Now, let's take a grain of salt. Remember that these tapes were leaked in the middle of (redundancy alert!) an ugly custody battle. And remember that there is some speculation that they have been altered. We do not doubt that there is skullduggery going on here, and that somebody desires to make Gibson look especially terrible and the girlfriend look unrealistically good. But the thing is that they've succeeded. Even if the tapes have been altered, he said some baaaadd things. We don't know what will happen in court, but we are pretty certain that, in the court of public opinion, Gibson has been tried and found icky. He may make a few more movies, but they will fail. He may even find a niche, marketing some product to religious extremists who don't consider anti-semitism or spousal abuse to be necessarily contrary to their faith. But so far as the big spotlight goes, he is toast.

And yet, here's the real joke, on all of us: He's still mind-numbingly rich. Even if his separated wife and vengeful girlfriend wind up with most of the bank account, the guy will still die with more money than we can imagine. Nice guys may or may not finish last, but sons-of-bitches often do seem to finish first.


PS (PSanafter-thought) said...

I had to laugh when I read that Mel Gibson's movies are not so high on your list. When my oldest (now a pastor, so you decide if this scarred her) was confirmed, my husband and I took her to see Dances with Wolves as a gift. Whoa! Violence and sex... not what we expected. Yes, the violence was "realistic" given the topic, yet it was about 10 years worth of violence packed into 2 hours. And I also saw the one about Scotland...also lots of violence.

Of course, that brings up the question of what/when violence is appropriate in a movie on an historic topic. This can be argued both ways. If it is too realistic, maybe it is more historical. But movies are "entertainment" so how can a lot of violence be entertainment unless one is warped to begin with.

So I got turned of to Mel's movies because I got the impression that he loved the violence. And I don't see violence as entertaining.

Pastor Joelle said...

I liked that movie where he could read women's minds.

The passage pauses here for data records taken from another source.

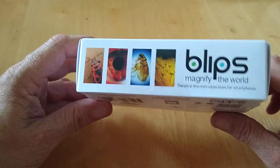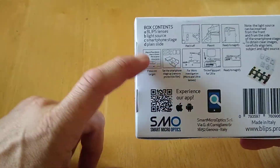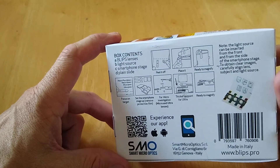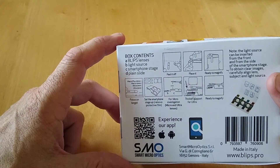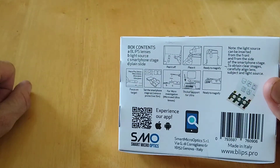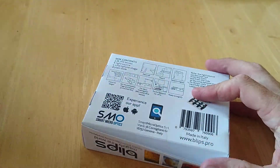It gives us some images on the side and on the back, and then it gives us the box contents. There's an app for Android and iOS, and a light source comes with it. It also gives you instructions on how to set it up, so let's check it out.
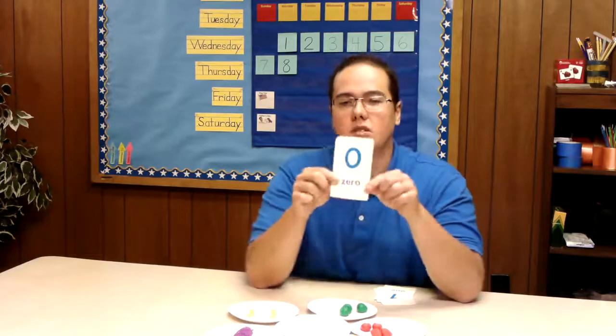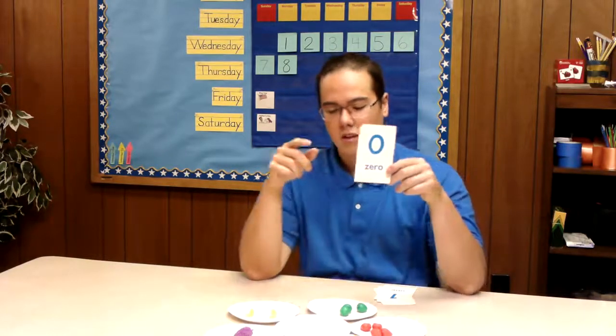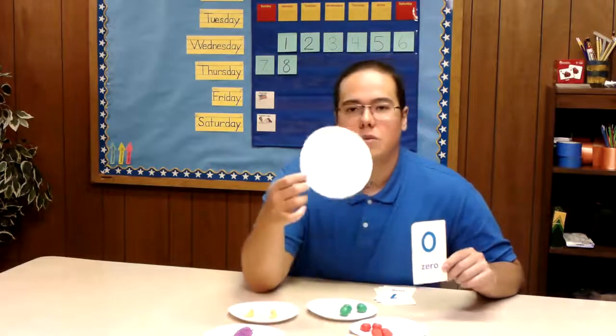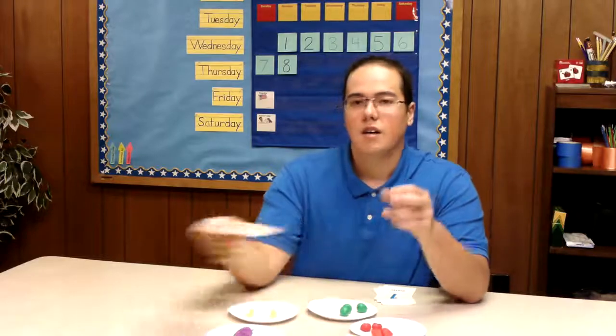The first number we've been talking about last week and then we started with today — we have the number zero. We're going to try to match up the number zero with the plate that it belongs to. We know that zero means none, so we have this one plate that has nothing on it, so this one has to be our zero plate. I'm going to set that right here. So we have our zero done.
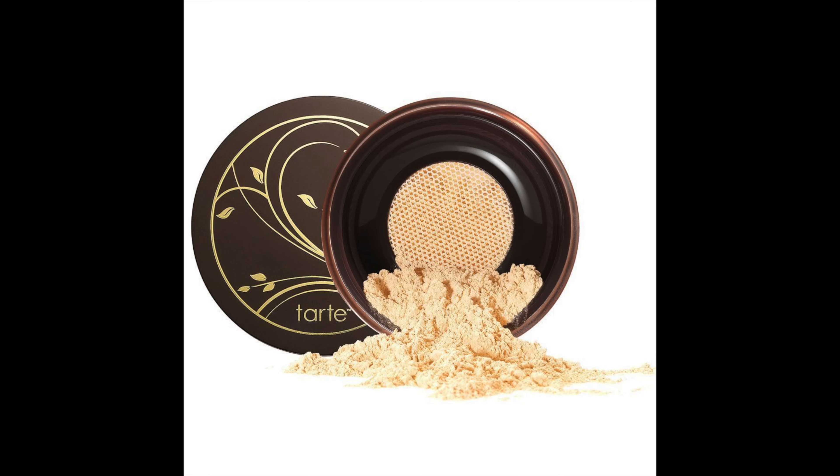So I'm ready to dive into this and talk about all the specs — talk about the comparison situation between, did this replace the Amazonian Clay Powder from Tarte? We're gonna talk about that, and if you're ready to dive in with me, then let's go.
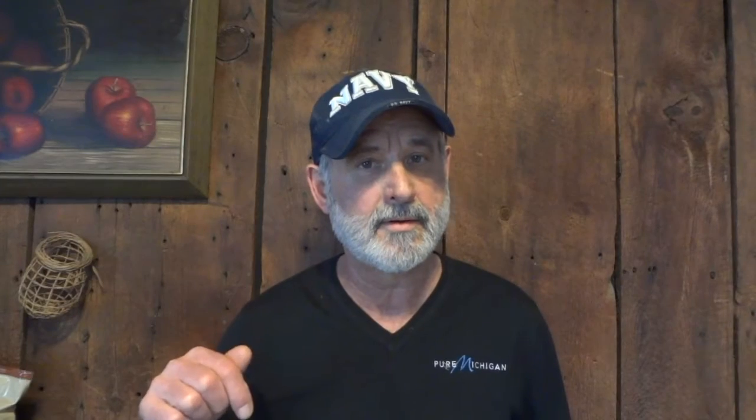All you really need to generate clean, pure, carbon-free energy 24/7 is air, water, the sun, and a computer. That's it. Here's a perfect example of what's going on inside of a solar vortex generator. This is called a vortex fountain.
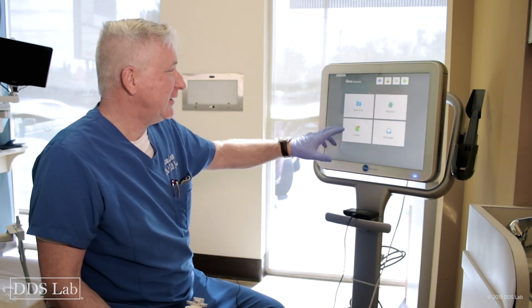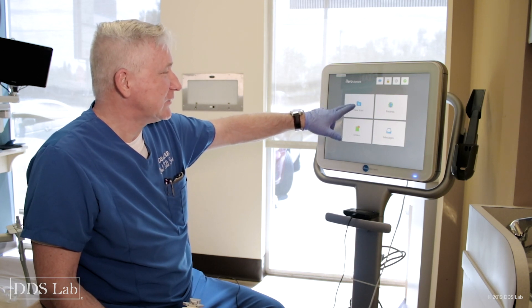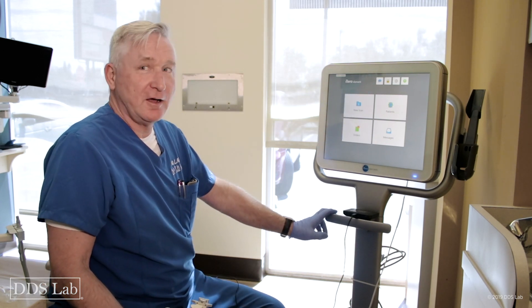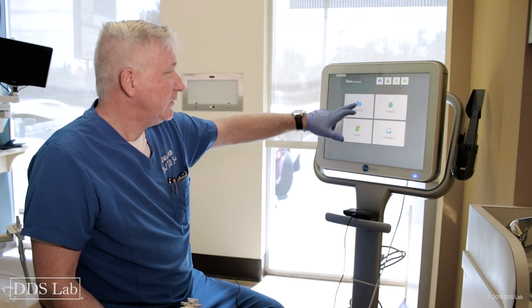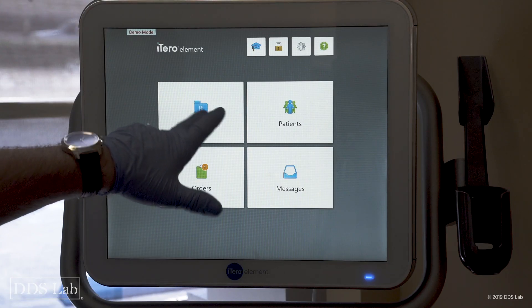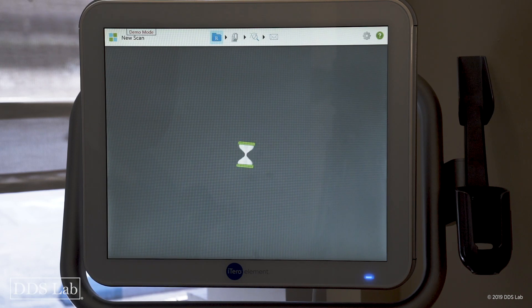Today I want to show you the Element iTero scanner and I want to scan a crown. I'm going to demonstrate the efficiency of that scan. First I'm going to go into new scan.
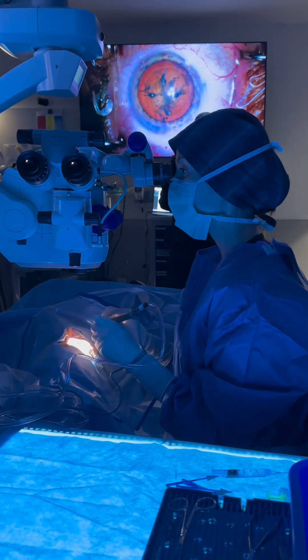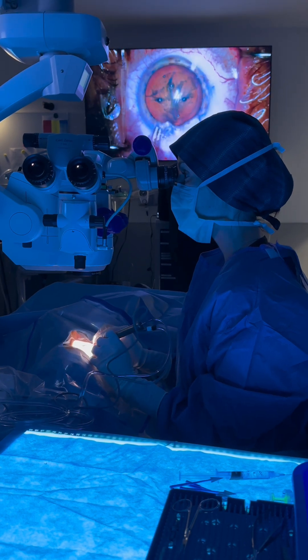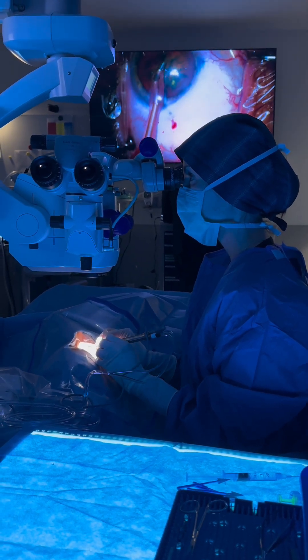This is the ultrasound, or the phacoemulsification, and what this is going to do is further break up the cataract and then remove it from the eye.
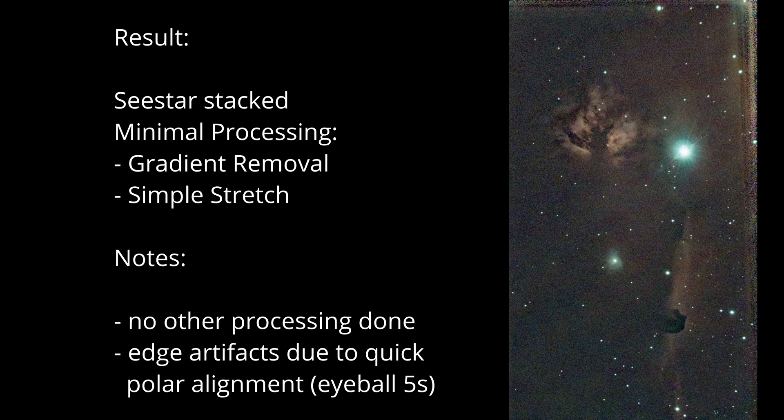I hope this series of videos has helped you understand how SeeStar works and how to use it in this equatorial mode that astrophotography enthusiasts really like. It's really the only way to image quality stellar images without field rotation and limitations on exposure time due to trailing stars. Good luck and have fun with SeeStar!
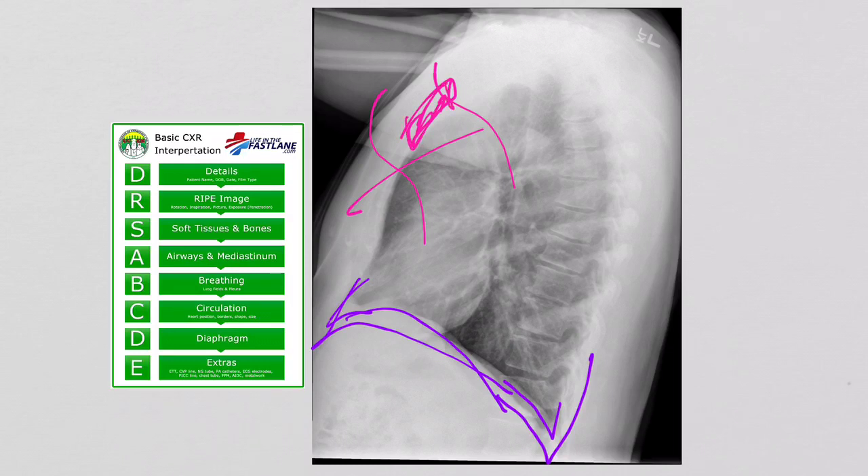That's our video on the basic chest X-ray interpretation method. We're using the lifeinthefastlane.com doctor's ABCDE method — you can check out that website. In the next videos, we're going to go through eight different diagnoses, eight different types of chest X-rays using this technique and looking for what we find. Thanks a lot. Bye-bye.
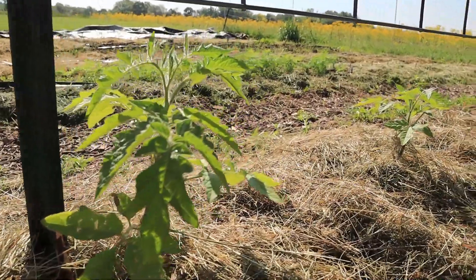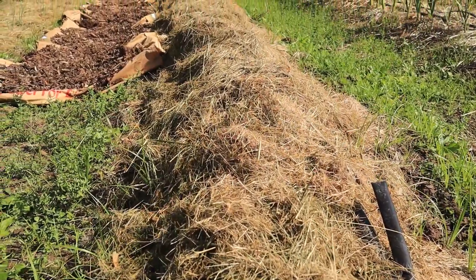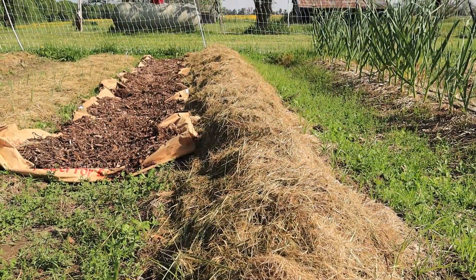Speaking of the garden, we actually put more grass on the garden just to keep the weed pressure down, and we put more grass on the potatoes because they are growing tremendously. We're pretty excited about that. We don't have as big of a row for potatoes this year as we did last year, and we're okay with that. Same with the sweet potatoes — it's going to be a smaller row, and we're okay with that because we still have some sweet potatoes from last year and they're still holding up pretty good and taste delicious.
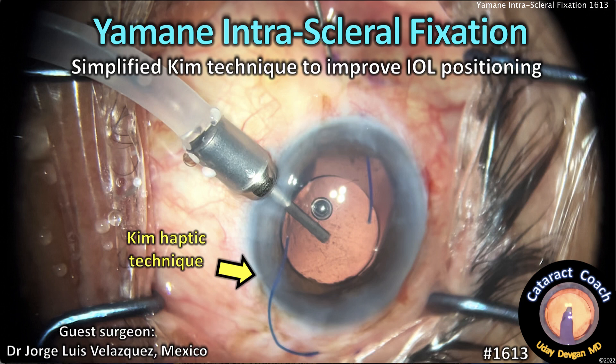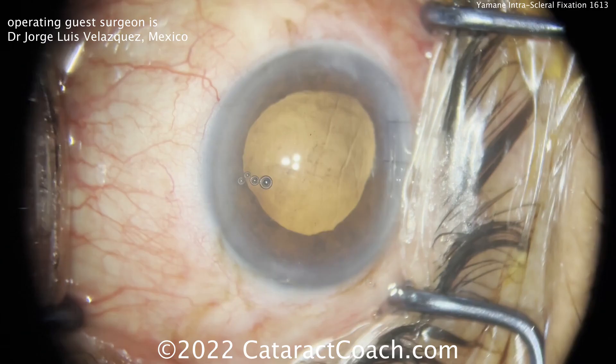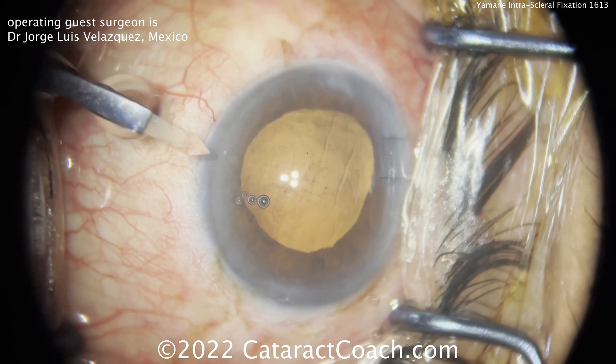CataractCoach.com — Yamane intrascleral fixation, this time using the Brian Kim technique to improve the IOL positioning.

One of the many problems with the Passion of Christ was demonstrated to me by what a member said "Oh when I saw the movie and realized how much he suffered, I knew he had to be the Son of God because a normal person could not withstand all that pain" Okay so much for the Incarndation. Jesus was just another superhero like Braveheart!

Oh and Signs was a really good movie

Father said...

Um, but, PS -- wasn't Dances With Wolves a Kevin Costner picture? But Gibson made his early million on Mad Max I-III and Lethal Weapon I-googolplex, so your point about violence remains.

And Joelle, ask yourself: did you "really* like Signs? Or did you, like me, just *want* to like Signs? I wanted to like it so badly that I told myself I had, until I finally thought it through and realized that I'd hated it. (Of course, in the movie's defense, I read and watch a lot of science fiction, which means I have some of that Comics-Guy-from-The-Simpsons snobbery going).

BTW, I've heard that Year of Living Dangerously was pretty good, but I've never seen it.

PS (PSanafter-thought) said...

You are right of course. Yes, and imagine sitting next to a 9th grader during the sex scenes.

Was the Scotland one with Mel or Kevin? Too slow internet to look it up.

Pastor Joelle said...

You know I just don't think that hard about movies. I'm a sucker for widow/widower stories what can I say? And yes, Kevin Kostner was in Dances with Wolves. Speaking of which my son said Avatar was just Dance with Wolves in blue. But not as good.